BERLIN — Germany’s history as a member of the United Nations was complicated from the start. Its first step as a member began in 1973 with two German nations, the Federal Republic of Germany and the German Democratic Republic (which was the Communist state). Their induction as separate countries under two different names happened only after a series of treaties were signed and ratified in the early 1970s between the Federal Republic of Germany on the one side and Russia, Poland and the German Democratic Republic on the other. It also occurred only after the four allied powers, the United States, Russia, Britain and France, agreed on a power-sharing arrangement in Berlin, creating a political détente in Europe.
Once the treaties were ratified, the superpowers gave up their vetoes against the two German states’ attempts to join the UN as full but separate members. Yet political engagement by the Federal Republic of Germany at the UN began as early as the 1950s, when it joined all specialized agencies of the UN system and kept permanent observer missions in New York and Geneva. It also worked as an observer in numerous subsidiary organs of the world body.
Everything changed when reunification of the two countries occurred on Oct. 3, 1990, and the designation “Germany” came into being at the UN. Since then, Germany’s role has developed as an active player on geopolitical issues like peace-building, peacekeeping and disarmament as it worked as a nonpermanent member of the Security Council in many terms (1977-78, 1987-88, 1995-96, 2003-2004) as well as since 2011. In addition, it has sought permanent membership in the council.
Academic scholars and cosmopolitan idealists developed a steadfast fascination with UN issues early on, and in 1952, they founded the German UN Association, known formally as Deutsche Gesellschaft für die Vereinten Nationen.
Attention by the general public in Germany toward the UN, however, remained modest until the mid-1990s, when interest increased as the country’s involvement in UN peacekeeping missions grew. (It is the fourth-largest financial contributor to peacekeeping operations, about 8 percent of the department’s total budget.) The German UN association engaged Germans in the work of the UN through public lectures and brochures, and it still does so rather successfully.

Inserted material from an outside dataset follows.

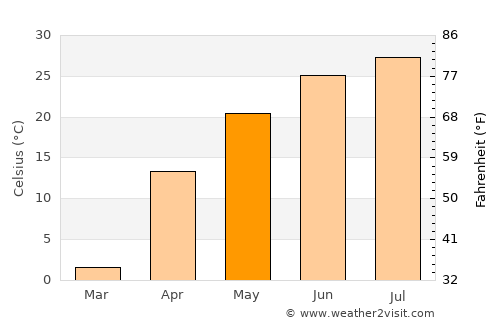 Changji average temperature in May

In 1962, the association’s efforts were strengthened by the founding of a journal called Vereinte Nationen (German Review on the United Nations). The journal proved to be an excellent source of information in documenting UN resolutions, covering the activities of UN bodies in reports and publishing speeches and essays of politicians as well as critical comments and research findings of UN scholars. The review has gained a reputation as one of the best UN-related journals in the academic world.

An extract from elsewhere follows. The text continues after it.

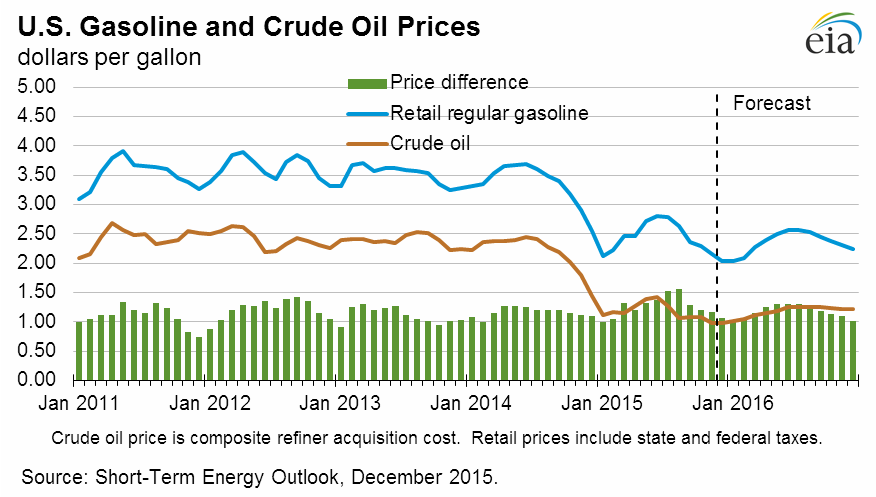 Price differences. Gasoline Price in USA. Gas and Oil Prices 2022. Gasoline Price per Gallon Dynamic USA. Oil and Gas Journal.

From its outlook, appearances and focus, the German UN association distinguishes itself considerably from UN associations in other countries. Unlike, for instance, UNA-USA, which educations youths through its Model UN program and advocates for UN-supportive legislation at the US Congress, the German UNA does not actively petition the government but organizes information campaigns on diverse UN activities, like environmental protection, peacekeeping and human rights protection. Moreover, it acts as a repository for UN research and a place for academic discussions. The members recently organized, for example, expert conferences on the revision of the statute for the International Criminal Court (Germany is a member of the court) and the current role of the UN on climate change.
Reflecting the association’s academic approach, frank comments on German UN policies in its lectures, conferences and journal are rare and cautious. The association’s careful stance might be influenced by the somewhat indifferent mind-set of the German public toward the UN.
Opinion poll data collected by Gallup from 2007 to 2010 found that just 54 percent of Germans approved of the UN’s work, and 25 percent disapproved of it – slightly better than the figures for the US (42 percent approval and 48 percent disapproval). German approval of the UN is markedly lower, however, than that of such longstanding European supporters as Norway (72 percent and 12 percent, respectively) and Denmark (69 percent and 14 percent, respectively).
This relative deficit in public interest in the UN by Germans might still be related to its late accession to the UN (1973) and its late involvement in UN peacekeeping – to a large extent not before the mid-1990s. Yet the political timidity of the German UNA does not detract from its achievements in spreading information on the world body among Germans and in helping to teach generations of scholars and diplomats about its goals, structures, failures and gains.
The value of its work lies in a reliable cooperation of UN-related scholars with UN diplomats and university teachers. It is not by chance that a renowned commentary of the UN Charter, namely the reference work, “The Charter of the United Nations: A Commentary,” edited in German and English editions by Bruno Simma, a German professor of international law who worked for the International Law Commission of the UN and was until recently a judge at the International Court of Justice, has been substantially supported by scientific contributions from members of the German UNA.